Dabei waren solche Perlen wie The Great Giana Sisters, RockNRoll, Turrican, X-Out, Katakis etc. Oder hat auch jemand damals das Listing von "Shades" von Chris Hülsbeck aus der 64er abgetippt??? 

Auf den unten aufgeführten Links findet Ihr Remixes einiger bekannter Spiele. 
Wen es interessiert (und ich hoffe nicht gegen irgendwelche Forumregeln zu verstossen) sollte hier mal vorbeisurfen:

C64
http://www.remix64.com

Amiga
http://amigaremix.com/

Besonders angetan hat es mir "Great Giana Sisters" von machinae supremacy. Das ist ne Hardrockversion vom Intro von The Great Giana Sisters..... Anlage voll aufdrehen... ist echt der Hammer. 

Gibt es hier noch andere Verrückte wie mich???
mfg
Silvecio


----------



## Gast1654636202 (12. Februar 2008)

Du hast mir grade eine Zeitreise ermöglicht  Danke dafür. Auch hätte ich nicht gedacht das ich jemals wieder die Worte:"Another visitor, stay a while, stay forever..." 

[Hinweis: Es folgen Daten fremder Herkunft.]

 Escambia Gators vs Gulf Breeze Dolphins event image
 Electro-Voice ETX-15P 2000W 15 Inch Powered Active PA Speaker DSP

PS: Die Sisters sind wirklich super remixed. Höre sie grade.


----------



## riedochs (13. Februar 2008)

Muss ich mir heut Abend direkt mal reinziehen


----------



## Adrenalize (13. Februar 2008)

http://remix.kwed.org wäre noch eine weitere Portal seite für Remixes.
Es gibt übrigens auch ein C64 Webradio, genannt Slay Radio 
Da kann man sich teilweise sogar Titel wünschen. 

Meine Favoriten-Remixes:
Artura(Dublin Delight Mix) von Makke
*R-Type (Doppelganger Summer Remix) von Lagerfeldt*
Comic Bakery (feat Hanna Kappelin & Morpheus) von o2
Great Gianna Sisters von machinae supremacy
*Outer Space (Spaceboost Remix) von Sonic Wanderer*
Kung-Fu Master (Surf mix) von dor-x
Ocean Loader V2 von Instant Remedy


----------